# Why does some milk in translucent plastic bottles taste horrible? -plastic milk taint



## rabbit (13 Dec 2006)

Hi,

I notice in the supermarkets milk at different prices.    Tesco, for example, sell their own brand of milk a lot cheaper than the equivalent quantity of milk for the local dairy, on the shelf beside it.     Is there any difference in the quality of milk @ 1.19 for 2 lites compared to milk at 1.79 for 2 litres or whatever ?   Does the local brand milk contain more cream or goodness ?


----------



## ajapale (13 Dec 2006)

*Re: Tesco milk or "brand name dairy" milk better quality?*

No matter what the brand, milk in plastic bottles tastes horrible.


----------



## CCOVICH (13 Dec 2006)

*Re: Tesco milk or "brand name dairy" milk better quality?*

Agreed aj, I can't stand the stuff.


----------



## Squonk (13 Dec 2006)

*Re: Tesco milk or "brand name dairy" milk better quality?*

I think some of the Tesco milk comes from Northern Ireland. The price difference is huge. I can't see why anyone would not buy the own-brand milk, especialy those with young families. Cows are cows...


----------



## Crea (13 Dec 2006)

*Re: Tesco milk or "brand name dairy" milk better quality?*

Wondered about this myself but the packaging says all the milk is from Ireland so i'm guessing they're not getting as much of a mark up as the brand companies.


----------



## PM1234 (13 Dec 2006)

*Re: Tesco milk or "brand name dairy" milk better quality?*

This relates more to packaging but a friend worked as Quality Controller in a company which made sauces. They made their own sauces and also made it for a well known brand. Said that the same sauce went into the jars but one was packaged a lot nicer than the other and the end price reflected this!


----------



## Josey Wales (13 Dec 2006)

*Re: Tesco milk or "brand name dairy" milk better quality?*



ajapale said:


> No matter what the brand, milk in plastic bottles tastes horrible.



Finally, I was beginning to think I was the only one. My family think I weird.


----------



## Olympian (14 Dec 2006)

*Re: Tesco milk or "brand name dairy" milk better quality?*



ajapale said:


> No matter what the brand, milk in plastic bottles tastes horrible.



Don't drink out the bottle!


----------



## Adrian (14 Dec 2006)

*Re: Tesco milk or "brand name dairy" milk better quality?*

Once you get over the plastic bottle thing, I think all milk is pretty much the same.  I've tried Avonmore, Premier and a few other of the 'brand names' as well as Tesco's own brand, Lidl, Aldi and a couple of the other cheaper ones.

No difference as far as I'm concerned - tastewise.  Nutritionally could be a different story though.

Adrian


----------



## shootingstar (14 Dec 2006)

*Re: Tesco milk or "brand name dairy" milk better quality?*

is there a difference between plastic bottles / cartons??? why should i not drink out of the bottle? 

**(serious problem in my house the gang drinking out of the carton/bottle from the fridge)**   animals is all my lot are....


----------



## Satanta (14 Dec 2006)

*Re: Tesco milk or "brand name dairy" milk better quality?*



PM1234 said:


> This relates more to packaging but a friend worked as Quality Controller in a company which made sauces.

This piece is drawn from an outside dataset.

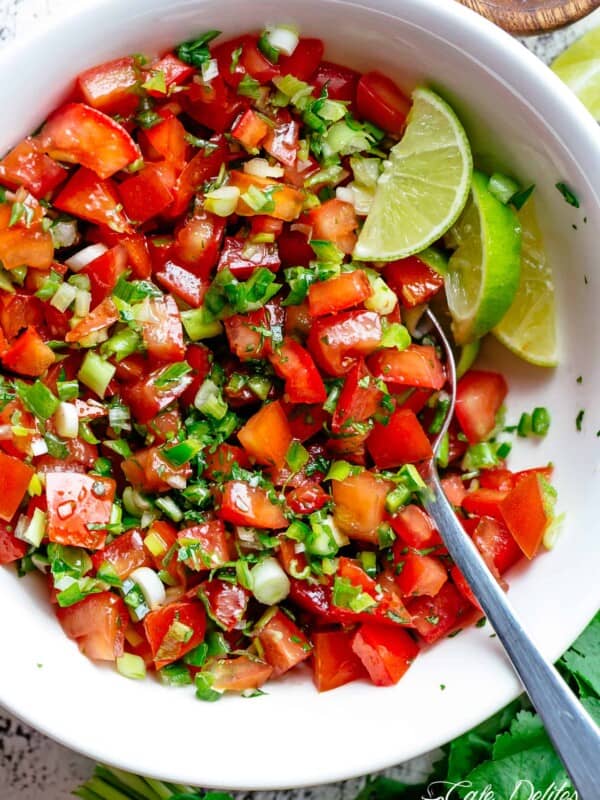 Pico De Gallo is a super easy to make fresh tomato salsa you can serve with anything! From tortilla chips to tacos, enchiladas or Carne Asada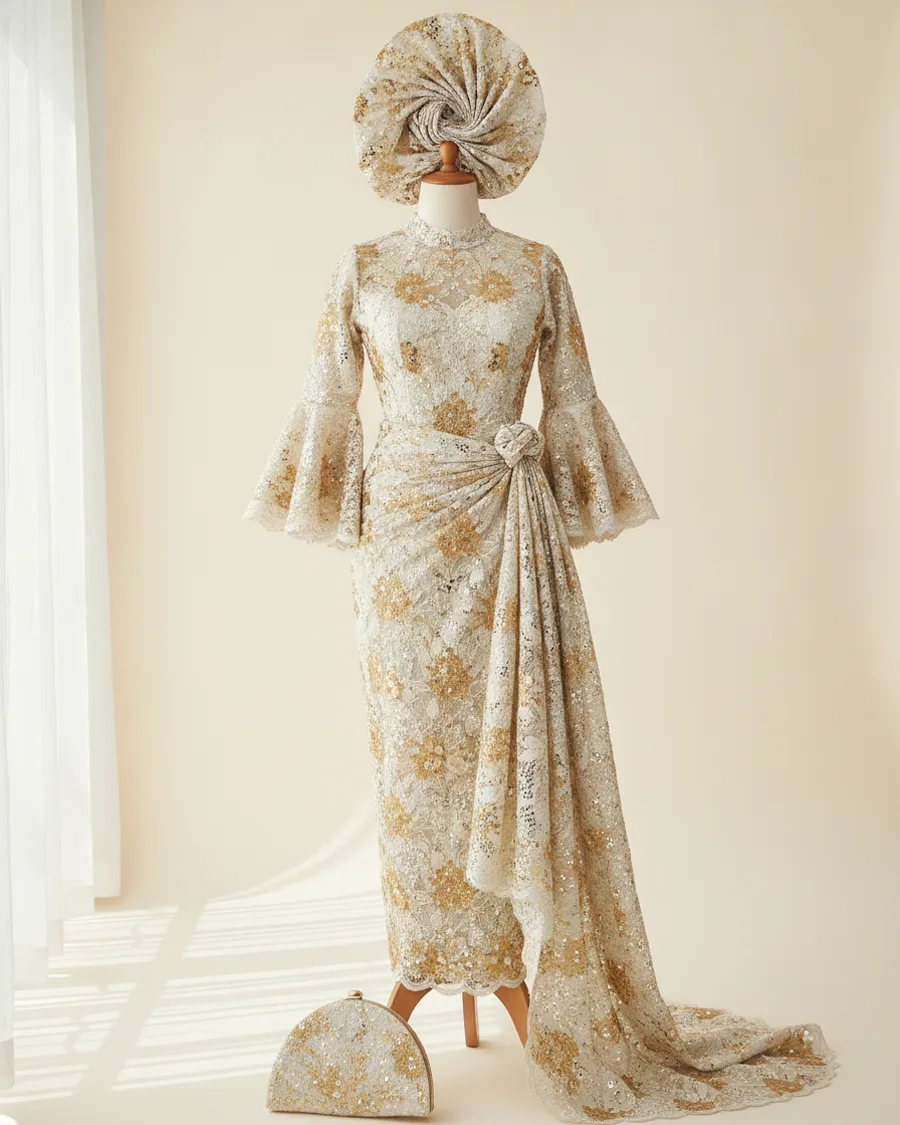 An ivory and gold embroidered blouse and wrapper, full length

They made their own sauces and also made it for a well known brand. Said that the same sauce went into the jars but one was packaged a lot nicer than the other and the end price reflected this!


Same happens with a lot more than just sauce!

Can confirm one of the ownbrand soups (SV) comes straight from the same works (same vat, just seperate discharges) as one of the leading names in the Irish soup market (AM).

The price is again adjusted to reflect the "superior" brand name and additional advertising and packaging.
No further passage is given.